Michael Ellis is a serial law-breaker whose latest offense was terrorizing those who had the misfortune of driving down Westside Road July 31, 2012, while he was on a drug fuelled run from police.
With the series of convictions related to that high profile police chase under his belt, the list of criminal acts Ellis has been found guilty of amounts to 56, prompting B.C. Supreme Court Justice Ian Josephson to Tuesday order a Dangerous Offender assessment—the first step in a lengthy process that could see Ellis indefinitely behind bars.
Josephson, who in February convicted Ellis, now 41, of crimes related to the aforementioned chase, explained that the bar for approving the assessment is quite low, and that the prosecution easily made its case.
Crown counsel Murray Kaay explained that Ellis’s numerous criminal convictions demonstrated a persistent behaviour type and penchant for acts that could cause serious personal injury. It’s behaviour he’s either unwilling or unable to reign in, as he also shows a high level of indifference to his crimes.
It is a combination of traits already recognized by the courts in the wake of 1997 robbery, when Ellis’s sentencing judge said he had a horrific record and warned he was “rapidly running out of options.”
That didn’t stop Ellis who continued to rack up convictions, robbing banks and committing various other crimes while on bail, probation or parole.
It’s never been made clear what prompts Ellis to continually break the law, or whether he has any interest in changing his behaviour.
During a stay in a federal prison around 2001, a report preceding his mandatory release highlighted the fact that he never partook in any self-improvement programming —except for methadone treatment—and that he was continually abusive to prison staff.
He was considered to have an “inexcusable temper” and was believed to be at high risk to reoffend.
A report at that time also showed that he demonstrated antisocial and narcissistic personality features.
More recent attempts to assess Ellis have been rejected, and he recently refused to participate in a pre sentencing report which would delve into his history.
Ellis’s lawyer, John Gustafson argued against the assessment, noting that the crimes that his client had previously been convicted of were of a different character than the spur-of-the-moment chase for which he’s awaiting sentencing.
Those, he explained, took forethought which his client hadn’t displayed in the case at hand.
For the July 2012 chase that ran down Westside Road from West Kelowna to the outer reaches of Vernon, Ellis was originally charged with several counts of attempted murder along with the weapons and robbery charge that he’s yet to be sentenced for.
He was acquitted of the attempted murder charges.
In a decision released February, Justice Ian Josephson said that Ellis may have shot a a highway worker, rammed police vehicles and, at the very least, been aware of shots being fired at others by his passengers as they tore through the Okanagan in a series of vehicles they stole at gunpoint, but that didn’t mean he wanted to kill anyone.
“That evidence, which I accept, reveals that Mr.

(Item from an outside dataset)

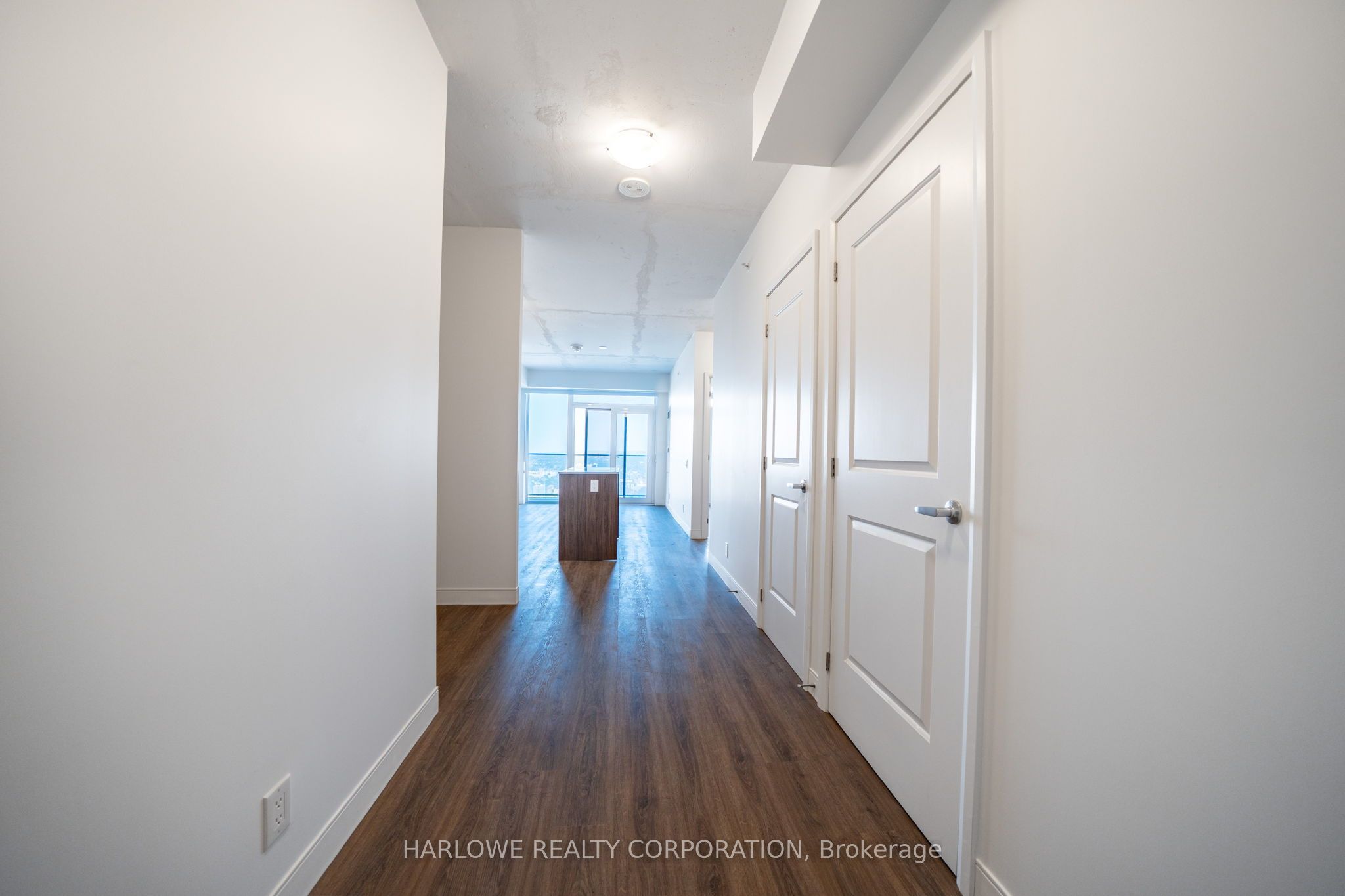 8 Hughson Street N 2910 B, Hamilton, ON L8R 0A9 photo 4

Ellis was a full and willing participant in this mad, misguided and extremely dangerous scheme to avoid detention by police. To that end, Mr. Ellis and Mr. Wysynski set out to terrorize innocent uninvolved civilians at gun point and were willing to endanger the lives of police officers or anyone else whom they perceived as a risk by discharging countless rounds of ammunition from a prohibited weapon at moving police and civilian vehicles from their own moving vehicle,” Gustafson said at the time.
The assessment could be completed by August, at which time the next step in the process will be laid out.